Aim of the exercise | Restate the data word for word and leave the images out.
##### Recorded information
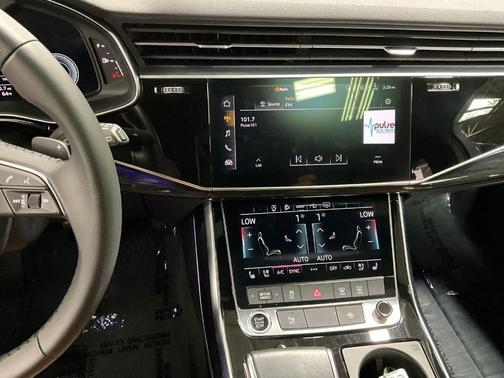 2022 Audi Q7 55 Premium Plus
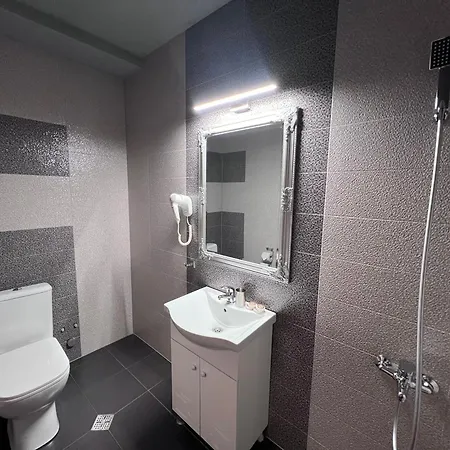 антик Hotell Pernik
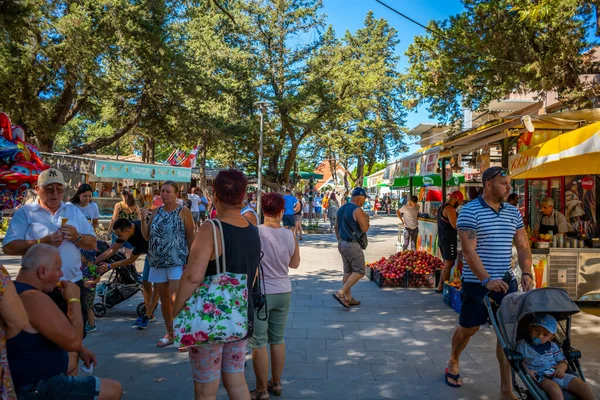 Manavgat, Türkiye - 8 Eylül 2022: İnsanlar Türkiye 'nin Manavgat kenti yakınlarındaki şelale gölü manzaralı manavgat şelalesinin doğal tarihi yakınlarında hediyelik eşya satın alıyorlar. Yüksek kalite fotoğraf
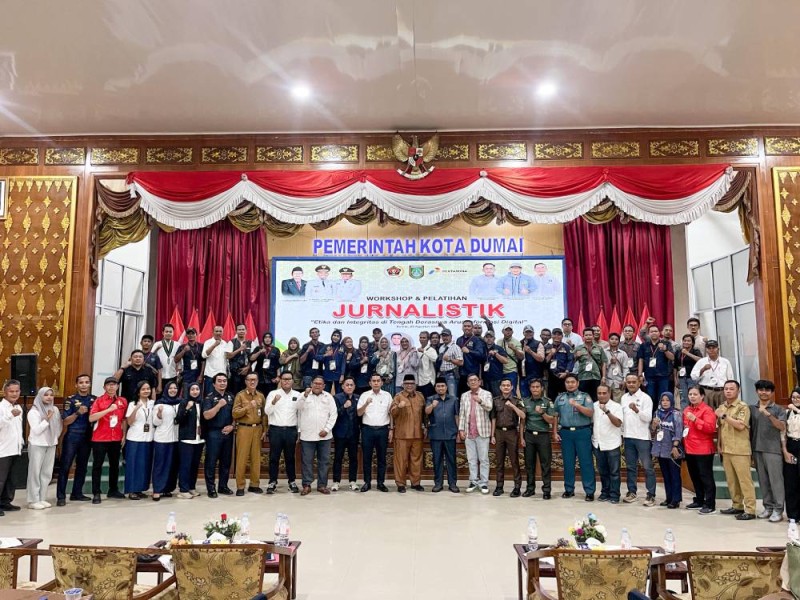 PWI Dumai Gelar Workshop Jurnalistik, Wawako Sugiyarto Soroti Pentingnya Etika dan Integritas di Tengah Derasnya Arus Informasi Digital
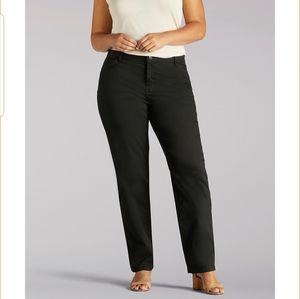 Lee Jeans- One True Fit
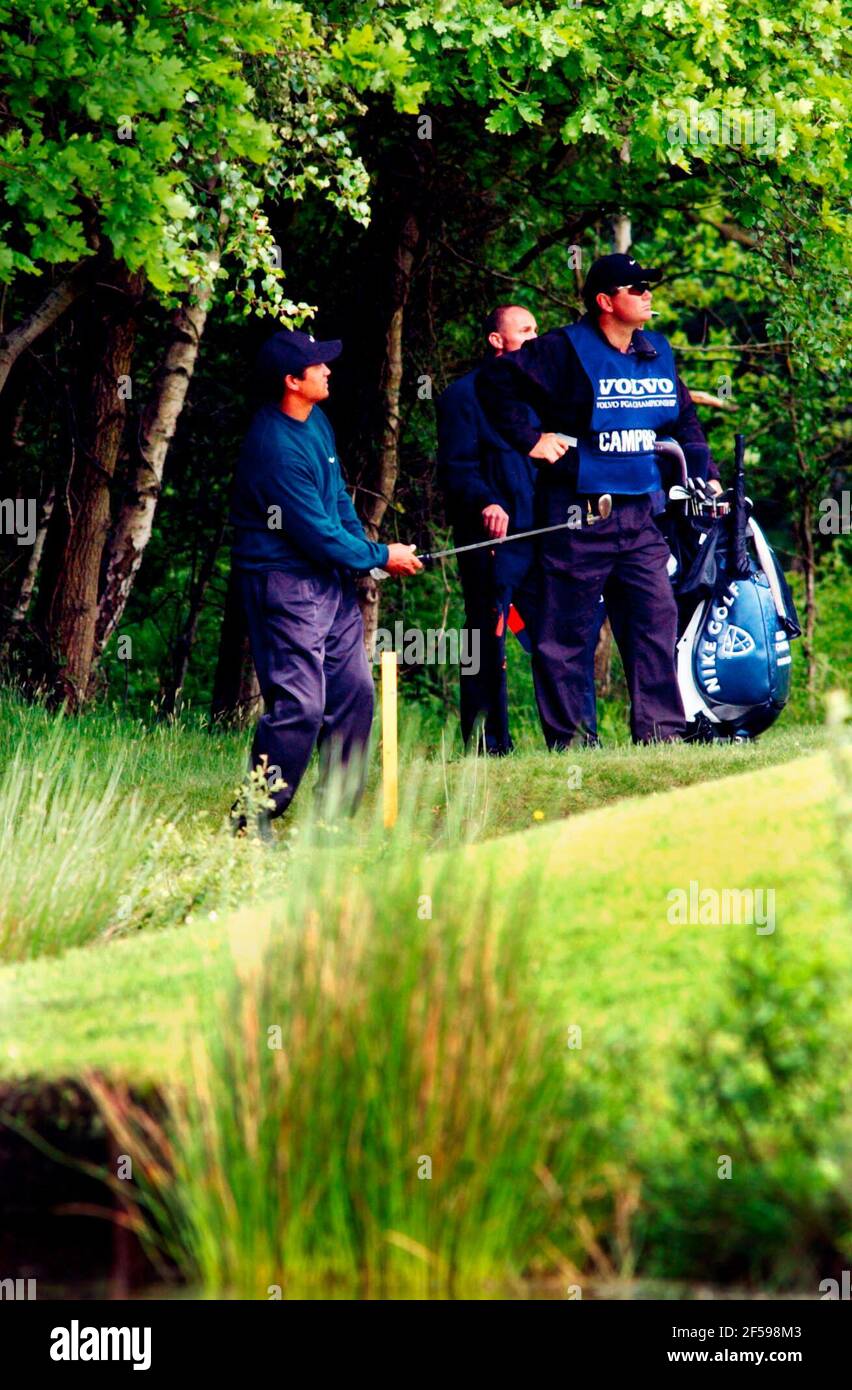 CHAMPIONNAT VOLVO PGA À WENTWORTH 24/5/2002 MICHAEL CAMPBELL 3E ON LA 8E PHOTO DAVID ASHDOWN.GOLF Banque D'Images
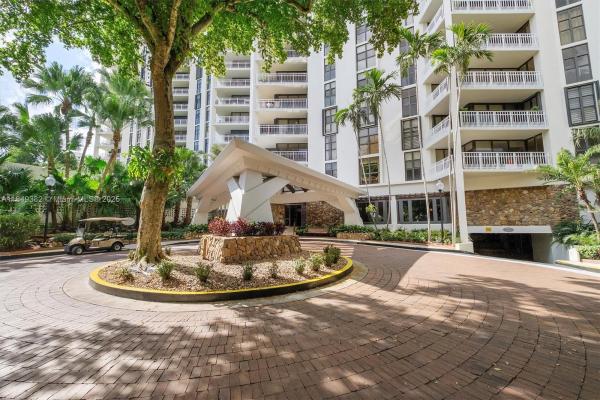 1000 Quayside Ter 1606, Miami, Florida 33138, image 1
##########
Response to the task |
 2022 Audi Q7 55 Premium Plus
 антик Hotell Pernik
 Manavgat, Türkiye - 8 Eylül 2022: İnsanlar Türkiye 'nin Manavgat kenti yakınlarındaki şelale gölü manzaralı manavgat şelalesinin doğal tarihi yakınlarında hediyelik eşya satın alıyorlar. Yüksek kalite fotoğraf
 PWI Dumai Gelar Workshop Jurnalistik, Wawako Sugiyarto Soroti Pentingnya Etika dan Integritas di Tengah Derasnya Arus Informasi Digital
 Lee Jeans- One True Fit
 CHAMPIONNAT VOLVO PGA À WENTWORTH 24/5/2002 MICHAEL CAMPBELL 3E ON LA 8E PHOTO DAVID ASHDOWN.GOLF Banque D'Images
 1000 Quayside Ter 1606, Miami, Florida 33138, image 1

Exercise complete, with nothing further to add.